For clinicians treating patients with acute heart failure (AHF), managing fluid overload is a critical component of treatment in the hospital. Water retention leads to breathing problems and swelling, and standard hospital care involves removing excess fluid using diuretics.

However, many patients do not fully respond to standard diuretics and end up leaving the hospital with excess fluid. These patients are at increased risk of death or rehospitalization.Stephen Greene

ATHENA-HF, a trial conducted by the Heart Failure Network from 2014 to 2016, assessed whether congestion would improve in AHF patients if high-dose spironolactone was added to usual therapy. The primary endpoint was a proportional change in NT-proBNP, a blood test commonly used as a marker of heart failure severity.

The trial included patients with a wide degree of risk and showed no benefit in the overall population. However, the investigators proposed that patients at highest risk of not responding to standard therapy could benefit from high-dose spironolactone.

Testing that theory, a secondary analysis of the trial focused on patients with kidney disease and other risk factors for diuretic resistance. The results of that analysis were presented today at the annual Scientific Sessions of the American Health Association in Chicago.

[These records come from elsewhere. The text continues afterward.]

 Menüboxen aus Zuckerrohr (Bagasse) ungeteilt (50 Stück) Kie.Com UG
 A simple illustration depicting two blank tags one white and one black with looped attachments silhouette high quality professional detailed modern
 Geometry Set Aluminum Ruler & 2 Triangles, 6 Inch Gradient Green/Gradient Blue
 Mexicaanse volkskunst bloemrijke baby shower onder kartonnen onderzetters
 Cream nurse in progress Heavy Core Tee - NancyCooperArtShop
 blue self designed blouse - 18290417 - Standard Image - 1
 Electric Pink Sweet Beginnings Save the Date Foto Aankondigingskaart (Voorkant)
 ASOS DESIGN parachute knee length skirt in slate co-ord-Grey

“Our study aimed to examine those patients who have a difficult time losing excess fluid with usual in-hospital care,” said the DCRI’s Stephen Greene, MD, who led the study. “We wanted to see if high-dose spironolactone could offer any extra benefit in the subsets of patients who do not adequately respond to typical diuretic therapy.”

“Would giving high-dose spironolactone to these high-risk patients result in them losing extra fluid, feeling better, and further lowering of NT-proBNP? Based on our study, the short answer is no.”

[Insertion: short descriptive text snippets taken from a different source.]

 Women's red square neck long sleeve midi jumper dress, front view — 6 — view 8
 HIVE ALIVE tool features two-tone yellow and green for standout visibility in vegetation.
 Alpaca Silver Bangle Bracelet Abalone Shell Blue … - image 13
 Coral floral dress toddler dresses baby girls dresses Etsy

The researchers looked at many characteristics that put patients at increased risk of poor response to standard in-hospital care, such as kidney disease, diabetes, lower blood pressure, and high loop diuretic dose. In all of these subgroups, high-dose spironolactone did not provide extra lowering of NT-proBNP or any signal of benefit, he said.

Greene cautioned, however, that the analysis has limitations.

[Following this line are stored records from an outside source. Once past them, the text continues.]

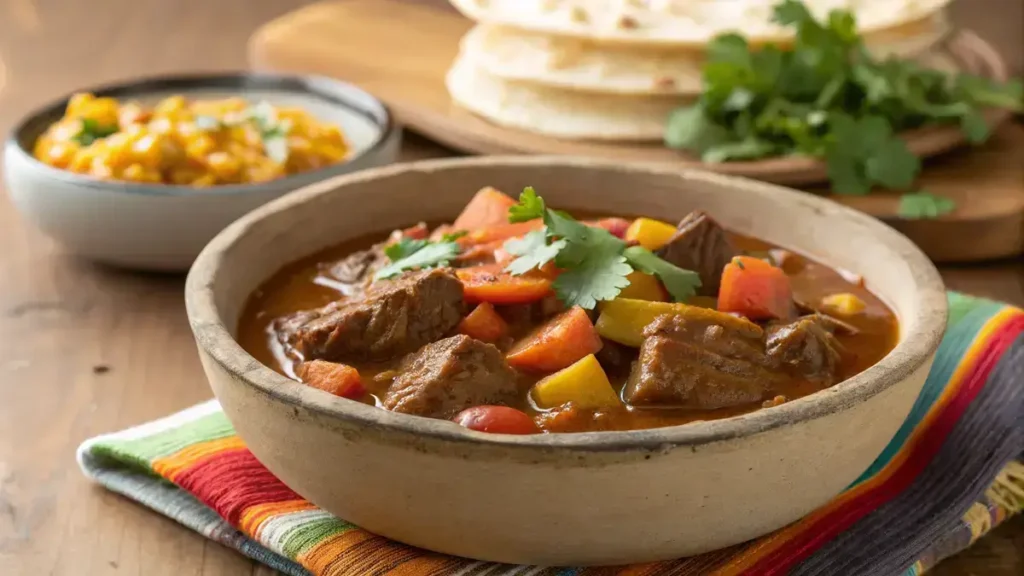 Close-up of a hearty guisado in a rustic bowl, showcasing tender beef, potatoes, and carrots in a savory sauce.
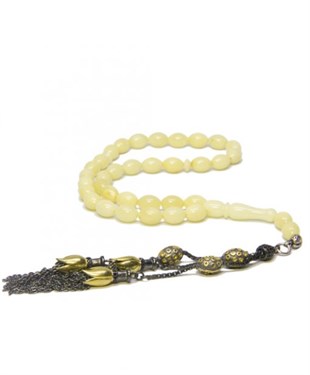 925 Ayar Gümüş Püsküllü Arpa Kesim Mat Sarı Baltık Damla Kehribar Tesbih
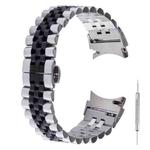 For Samsung Galaxy Watch4 40mm/44mm Five-bead Stainless Steel Watch Band(Silver Black)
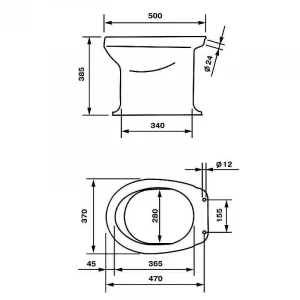 Унитаз приставной Оскольская керамика Дачный с сиденьем 46901100002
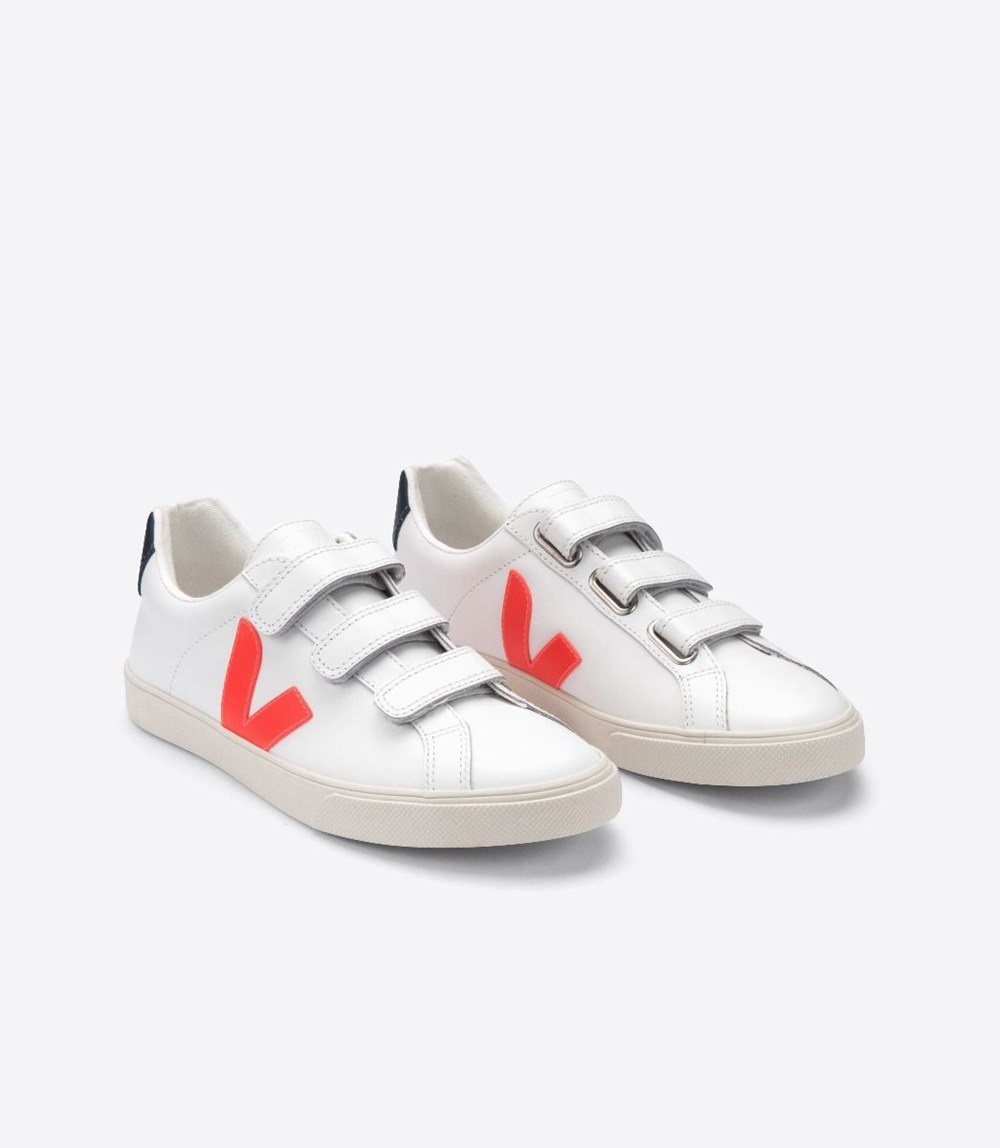 Veja Sneakers Dam - 3-Lock Läder - Vita/Orange - 749518-MUX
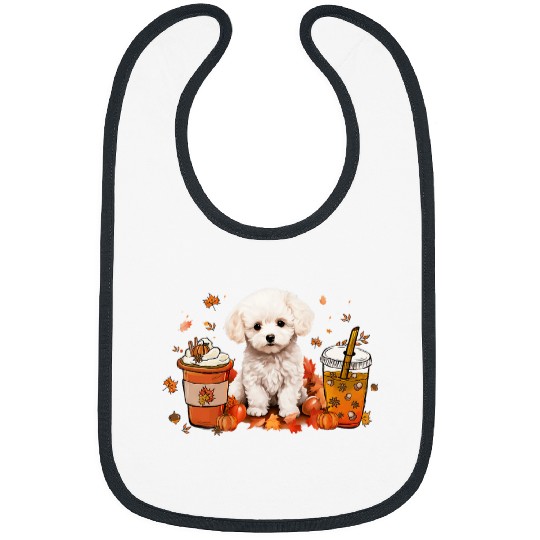 Maltipoo Coffee Warm Cozy Fall Autumn Vibes Thanksgiving Bibs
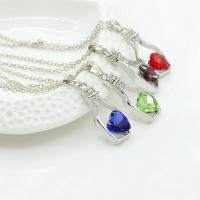 Rhinestone Zinc Alloy Necklace, plated, for woman & with rhinestone .35 Inch 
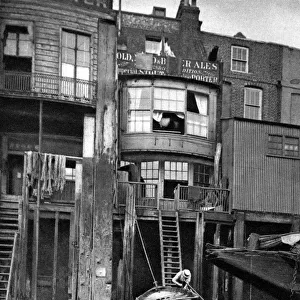 Old pub on the River Thames, London, 1926-1927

“Because of the design of the ATHENA-HF trial , this analysis looked at patients at risk for poor diuretic response. We weren’t able to look at the treatment effect among patients with confirmed poor diuretic response,” he said. “This is a big difference. In fact, we ended up seeing that many patients at risk for poor response actually ended up responding fairly well to standard therapy. If we studied addition of high-dose spironolactone in a population with confirmed poor urine output despite days of standard therapy, we might have seen a different result.”

Diuretic resistance is a major problem in heart failure and developing effective treatment strategies must be research priority, Greene said.

“As a field, we still need to keep searching for effective therapies to tackle this problem,” he said

Other DCRI contributors to the study included G. Michael Felker, Anna Giczewska, Hrishikesh Chakraborty, Adam DeVore, Marat Fudim, Steven McNulty, Robert Mentz, and Adrian Hernandez.